According to him, in doing so, the respondent authorities have
not only remained benumbing to the cause of the appellant but
also seriously injured and prejudiced legal and constitutional
rights of him, in as much as, certain other employees of the said
Municipality, similarly circumstanced with the appellant have
been accorded approval in service and also appropriate
pensionary benefits. He submits that in this way his client has
been discriminated against, without any just cause, which the
Ld. Single Bench failed to consider and this appeal court may
remedy it.
(14) State opposes the grounds and prayer of the appellant- and
supports the impugned order. It has been submitted that to
accord the appellant the status of a permanent employee with
the respondent Municipality, approval of the State is a pre
requisite and that for approval of the State for such a proposal
of the Municipality, their communication to the Sate to that
effect is a pre requisite. It has further been submitted that
unless the proposal of the Municipality for permanent
absorption of the appellant is approved by the State, he cannot
be treated as a 'permanent' employee of the Municipality and
cannot be allowed whatsoever benefit like the others. In this
case, according to the State, the Municipality has failed to
forward appellant's name, unlike others, who are said to be
similarly circumstanced as the appellant, for approval of the
State. Hence, it is submitted that the State could not consider
appellant's case for approval.
(15) The contentions of the State as above are not supported by the
respondent Municipality in this case. According to it, the Board
of Councillors had accepted unanimously the name of the
appellant along with the other four employees to be forwarded
to the Director of Local bodies for approval by the State. Ld.
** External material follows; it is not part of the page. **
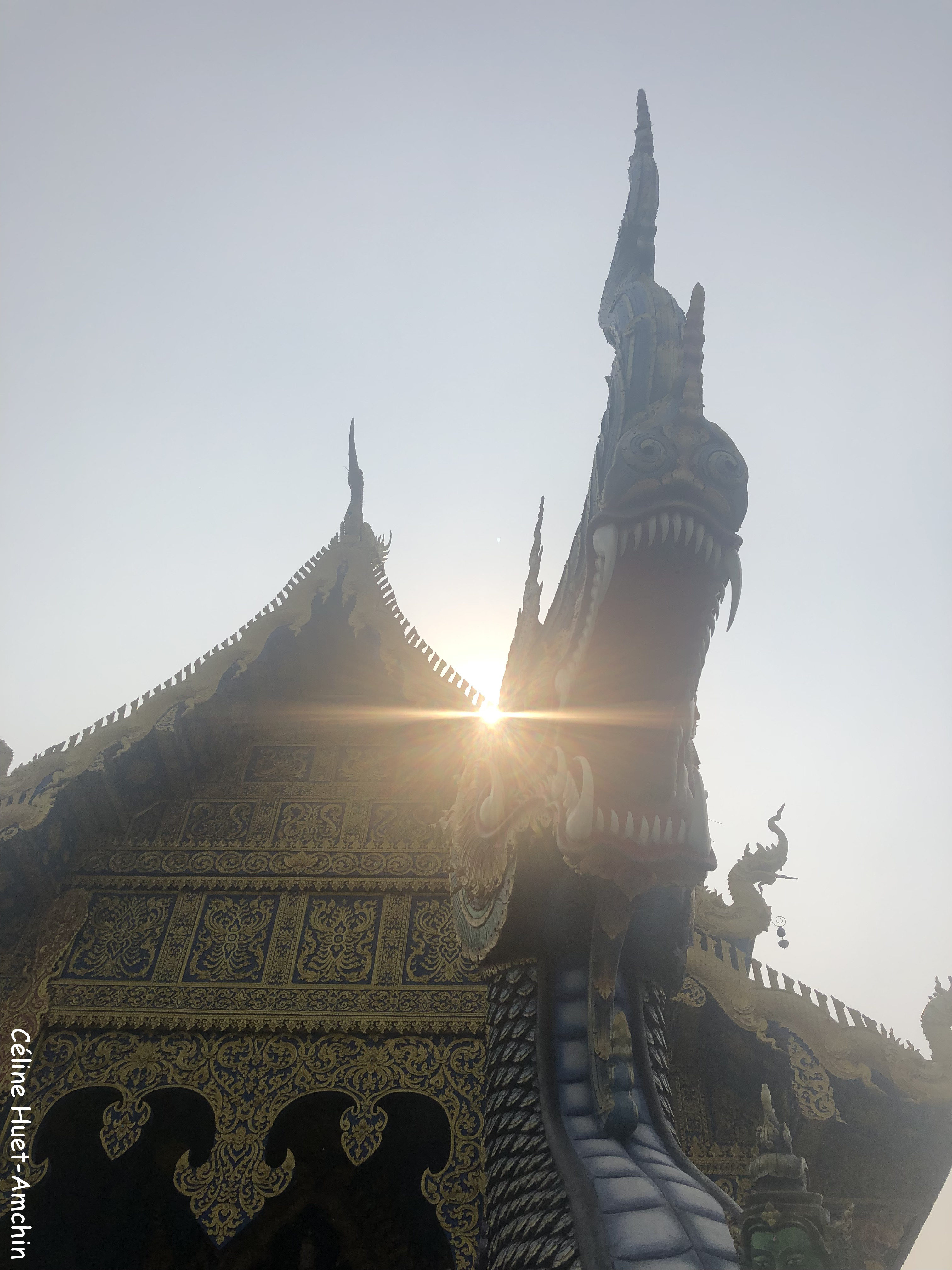 Blue Temple Wat Rong Suea Ten Province de Chiang Rai Thaïlande Asie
Advocate on behalf of the Municipality has aptly assisted the
court with copies of letters dated September 20, 2004 and
December 23, 2004, to demonstrate that due onward
transmission of the communication regarding the issue had
been made but for reasons best known to the sanctioning
authority, it maintained kept uncanny silence regarding the
appellant's matter. The respondent Municipality, in no
uncertain terms, accepts the appellant's claim to be a justified
one.
(16) The appellant's appointment in the Municipality and his
continuous service with the same till the date of his
superannuation - is an undisputed fact in this appeal. State has
not even challenged the subject matter of the resolutions of the
Municipality dated April 30, 1988 and March 31, 1992, whereby
the Municipality resolved the appellant to be accommodated
against a permanent post, w.e.f. April 1, 1992. State's challenge
lies in the fact that such decision of the Municipality has never
been communicated to it with a prayer that necessary approval
may be granted in case of the appellant. It has expressed its
inability to act in this regard in absence of any such prayer made
by the Municipality.
(17) This plea of the respondent State is utterly baseless and
unfounded, in view of the letters dated September 20, 2004 and
December 23, 2004, which were produced in Court by the
respondent Municipality. Those letters clearly support the
Municipality's claim that the proposal had duly been made to
the State. Receipt of those letters is not denied or disputed by
the State.
(18) Fact remains that the following employees of the respondent
Municipality are getting regular pension after their
superannuation :
(i) Satyabrata Moulik,
(ii) Gopal Bhattacharya, and
(iii) Basudeb Chatterjee.
(19) SatyabrataMoulik and Gopal Bhattacharya are the persons who
had been made permanent, along with the appellant, vide the
Municipality's resolutions dated April 30, 1988 and March 31,
1992. Order of Chairman of the Bansberia Municipality dated
May 27, 1992, clearly spells out that service of the following
persons are confirmed w.e.f. April 1, 1992 :
(i) Satyabrata Maulik,
(ii) Amal Kumar Biswas,
(iii) Tarapada Nandi,
(iv) Gopal Bhattacharjee,
(v) Joy Sankar Das and
(vi) Basudeb Chatterjee.
(20) All these employees, along with some others, are now enjoying
pension after superannuation, excepting the appellant.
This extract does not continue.